Ich würde es bei beiden einfach halten: dickes Tauwurmbündel.

So long,

Nick


----------



## Skynet (15. August 2011)

*AW: Stör und Welse angeln Tipps & Tricks*



NickAdams schrieb:


> Ich würde es bei beiden einfach halten: dickes Tauwurmbündel.
> 
> So long,
> 
> Nick


und ich dencke mal auch auf grund aber wie genau nur ein gewicht dran oder futterkorp,spirolino, also bem letzten mal habe ch 10 cm über den grund geangelt und war recht erfolgreich


----------



## cybersturgeon (15. August 2011)

*AW: Stör und Welse angeln Tipps & Tricks*

Für Wels würde ich dir empfehlen mit U-Pose und nem dicken Köfi oder nem Tauwurmbündel!
Für Stör würde ich empfehlen ein-zwei tauwürmer aufn 4er-6er Karpfenhaken und statt nem Grundblei en Bodentaster ausm forellenangeln und den als Laufblei montiert die Rute am besten mit der Spitze richtung köder und den Bügel auf!

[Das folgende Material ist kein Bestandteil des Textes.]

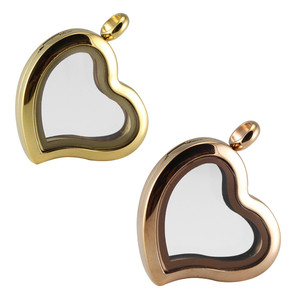 Hình Trái Tim Thủy Tinh Mề Đay Với Tinh Thể Thép Không Gỉ Thủy Tinh Mề Đay Mặt Dây Chuyền Thủy Tinh Bộ Nhớ Nổi Mề Đay Đồ Trang Sức - Product Image 3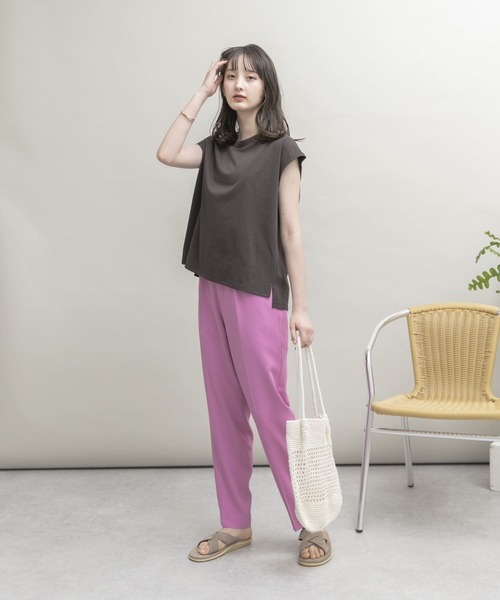 UR Lab.（アーバンリサーチラボ）の「ICESUMMER フレンチスリーブTシャツ（Tシャツ/カットソー・レディース・ライトブルー/オレンジ/カーキ/ブラック/ライトベージュ/オフホワイト/ダークブラウン・FREE）」の11枚目の写真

Verwendbar sind hier am besten elektro. Bissanzeiger oder welche zum einhängen ausm Karpfenzubehör. Störe beissen in der regel recht vorsichtig und mit dieser montage kann der fisch komplett frei abziehen ohne jeden wiederstand! Und beim Störangeln immer genauso banal aber auch wichtig den anhieb immer steil nach oben setzen! ( Extrem Unterständiges Maul ) Guter tipp: Ausloten wo steil abfallende Kanten oder Gräben im Wasser sind denn an diesen entlang/in diesen schwimmen die störe nämlich gern auf der Nahrungssuche!

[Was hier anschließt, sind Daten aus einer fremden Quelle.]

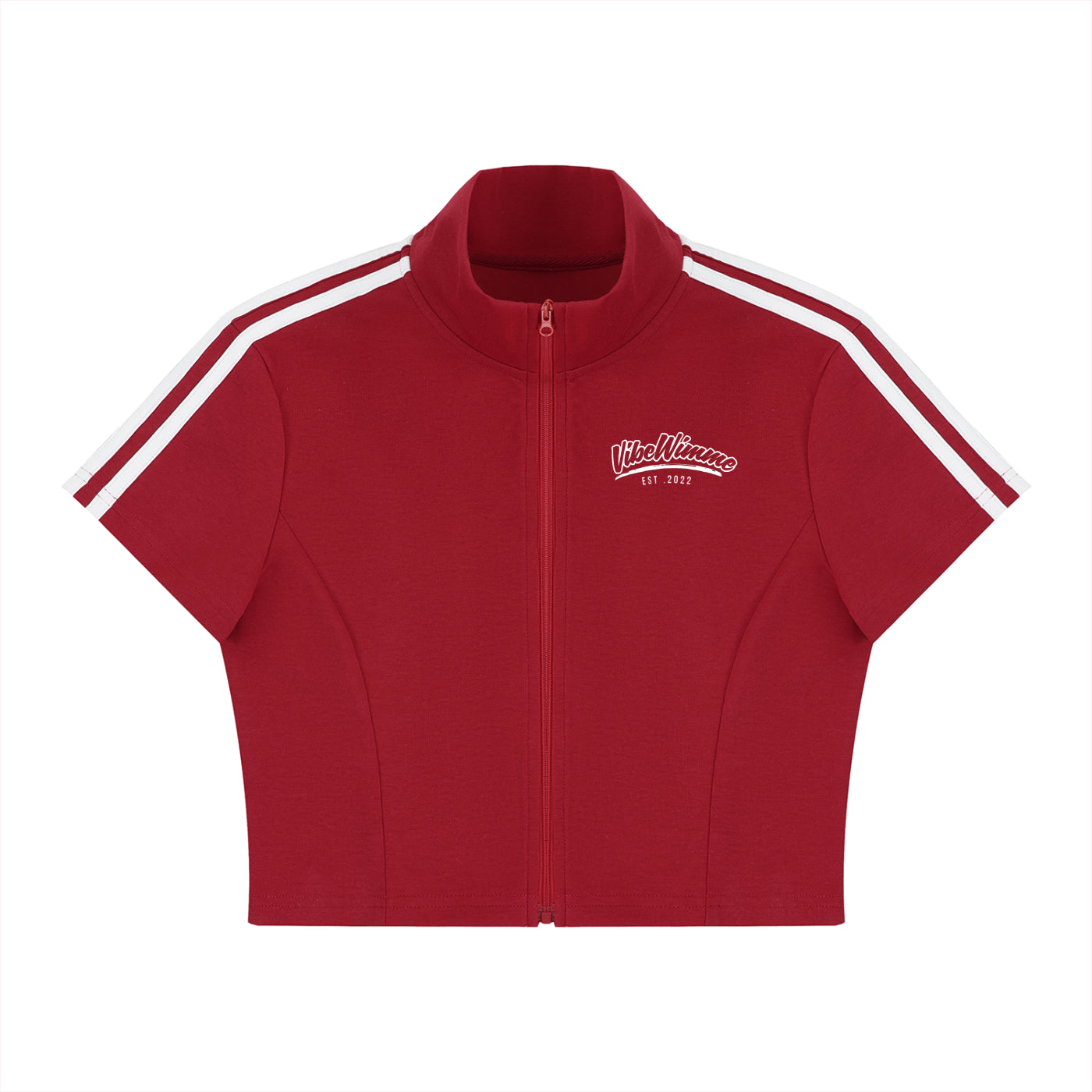 Women's Cropped Full Zip Short Sleeve T-Shirt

Fürs Wallerangeln kommt es bei der Wahl der Montage hauptsächlich auf das Gewässer an an dem du Angelst! ( #c )


----------



## Phenom96 (15. August 2011)

*AW: Stör und Welse angeln Tipps & Tricks*

Sinkt eine U Pose eigentlich auf den Grund, so wie ein sinkender Spiro, oder treibt die etwas überm grund?


----------



## chxxstxxxx (15. August 2011)

*AW: Stör und Welse angeln Tipps & Tricks*

Letzteres.


----------



## Phenom96 (15. August 2011)

*AW: Stör und Welse angeln Tipps & Tricks*

Also kann die bei Strömung auch abtreiben?


----------



## Fury87 (15. August 2011)

*AW: Stör und Welse angeln Tipps & Tricks*

Räucherlachs als köder für Stör klappt Wunderbar! Heute noch damit einen Stör Gefangen! =)


----------



## cybersturgeon (16. August 2011)

*AW: Stör und Welse angeln Tipps & Tricks*

@ Phenom 96: die U-pose fürs Wallerangeln sitzt auf deinem Vorfach!

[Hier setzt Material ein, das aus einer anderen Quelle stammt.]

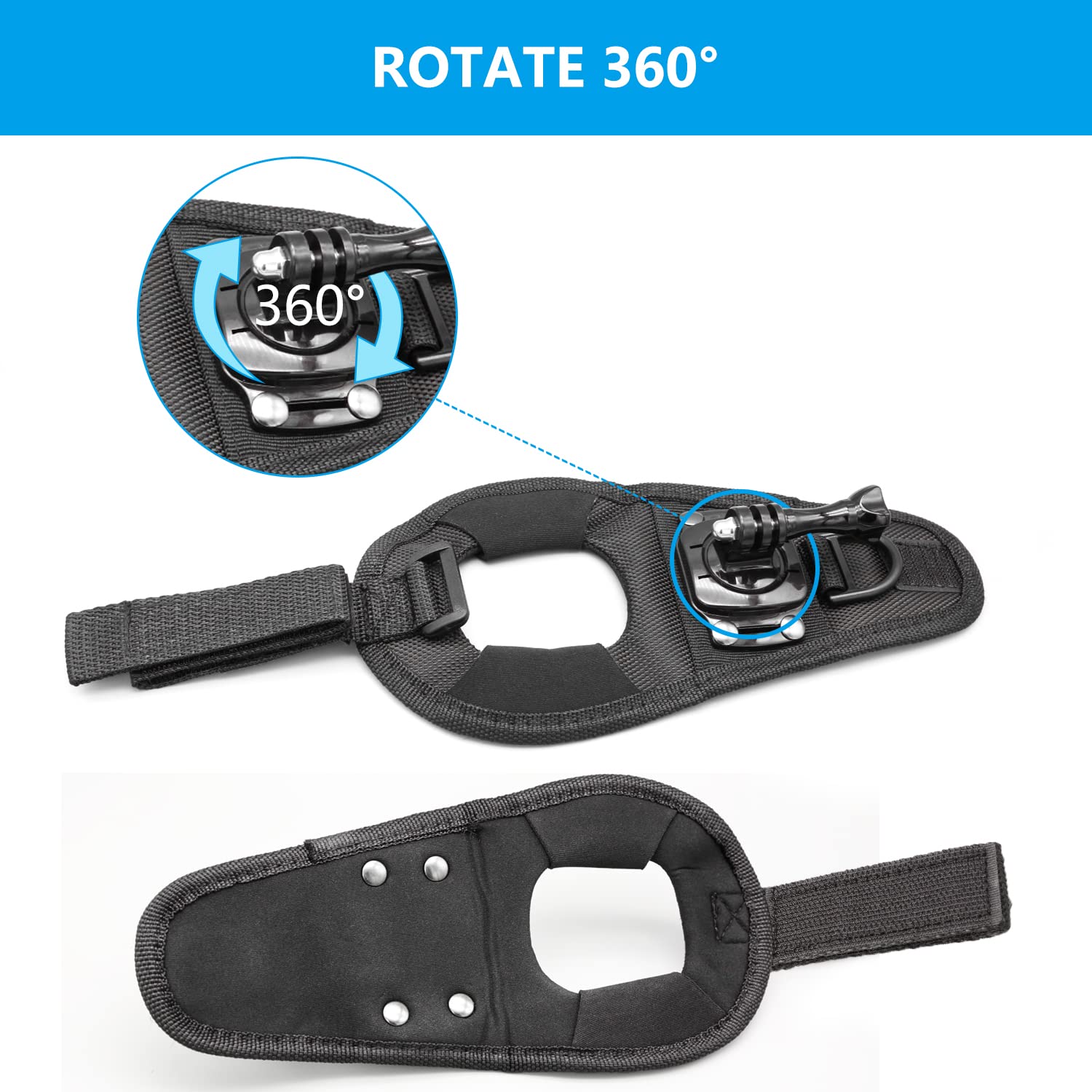 Haoyou 360 Degree Rotating Hand Strap Mount, Compatible With Gopro Hero 12 11 10 9 8 7 6 5 4 3+ 3 Hero 2018 Session Akaso Dji Osmo And Other Action Cameras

Sie wird sich zwar mit der Strömung bewegen aber abtreiben nur wenn dein grundblei zu leicht ist!


----------



## kati48268 (16. August 2011)

*AW: Stör und Welse angeln Tipps & Tricks*




Fury87 schrieb:


> Räucherlachs als köder für Stör klappt Wunderbar! OT: Heute noch damit einen Stör Gefangen! =)


Wo hast du Lump dich denn wieder rumgetrieben, wärend ich _arbeiten_ war? :r


----------